Carlos: Ok, so then, I guess any other changes to the In-Memory objects if you will. Or what is really just like I needed a new version?

Brian: There was the stability side but also availability of constraints. I think that using In-Memory OLTP has become a lot more viable now that constraints are available in terms of foreign keys, and default constraints, and unique constraints.

Carlos: Now, it reminds me, so the foreign keys, the In-Memory objects. Can I have a foreign key from an In-Memory table to a disk? What are they calling them? What do we call them, not In-Memory table?

Brian: Disk based tables.

Carlos: Disk based tables. Yeah.

Brian:  I actually do not know. I have not tried that.

Carlos:  But you’re talking about foreign keys between two In-Memory tables?

Brian:  Yes.

Carlos: Oh yeah, ok. I wasn’t sure. I didn’t think that was an option and I thought ok maybe that had changed. So ok, so then I guess can you tell how many In-Memory tables do you actually have?

Brian: Right now? I want to say 3 or 4. So it’s not extensive. It could be more. Kevin designed a lot of them so he’ll probably correct me after this confessional.
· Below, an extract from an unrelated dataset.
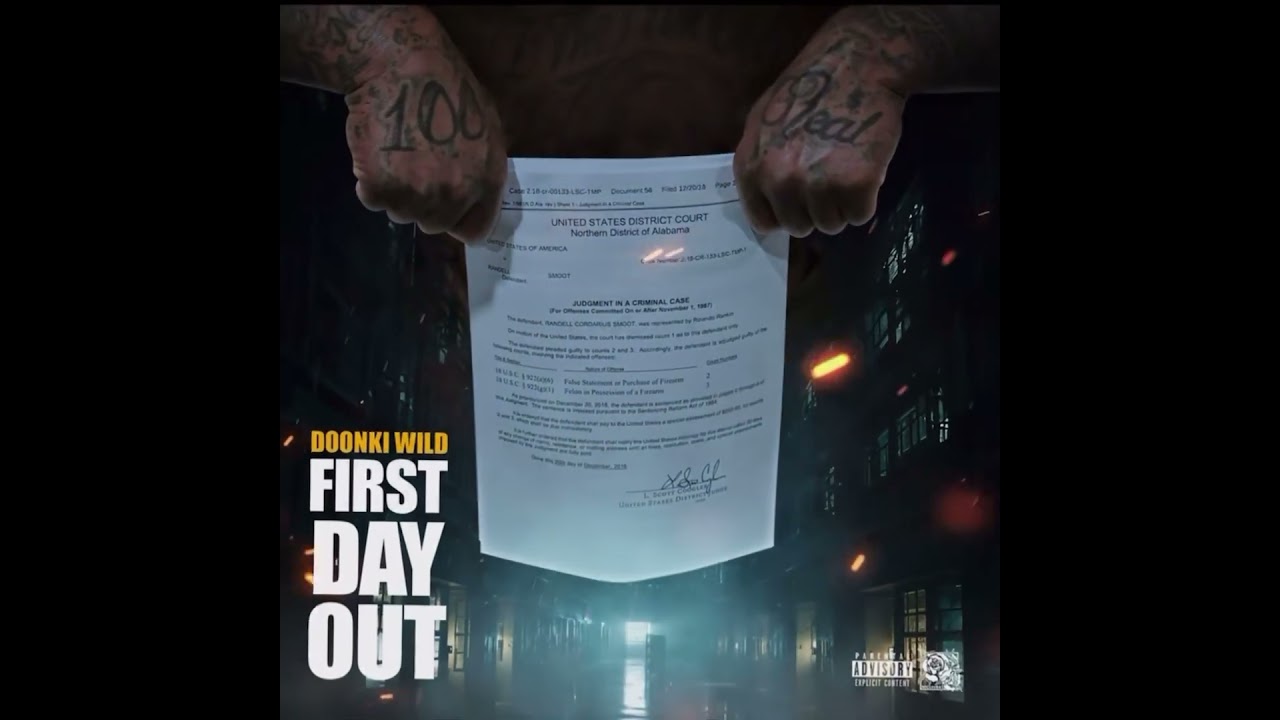 Doonki Wild - First Day Out π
Carlos: Another excuse to get Kevin back on the podcast.

Brian: There you go. He can back and explain everywhere where I was wrong. I want to say 3 or 4 of the regular In-Memory tables that’s in the database. But what we’re using extensively now and I don’t know if enough people know about this is you can create a table type that is memory optimized and use this as a table variable. Either as a table variable in the procedure or, you know, if you use TVP you can pass it in as a TVP. We’ve seen some incredible performance gains from this. And it’s really simple to implement. I think I have given an example where we reduced the CPU consumed by a procedure by about 75%.

Carlos: So when you’re doing that at that way basically you’re kind of skipping TempDB for the type of jobs or the type of tables that would normally go into TempDB and you’re doing it as a memory only, In-Memory OLTP table, is that right?

Brian: That’s right. It doesn’t touch TempDB at all. So what we were finding after we deployed SQL 2016 and we got those kind of performance gains that we’ve mentioned is that like always here. You’re just shifting the bottleneck to somewhere else so where we start to see some stress was contention in TempDB around reading and writing from the system tables. And the way we looked at reducing that was basically take some load off on TempDB by using memory optimized TVPs.

Carlos:  Always the big system. How do you take it to account the memory
considerations now? Because I mean obviously one of the things with memory optimized objects is that you have to account for that In-Memory now which, you know, previous to that it was just, ah we’ll allocate, you know, 85% or whatever the percentage was of the memory to SQL Server and be done with it. Now we have to carve that up little bit. Can you talk to us about how you decided to do that or what were your considerations there?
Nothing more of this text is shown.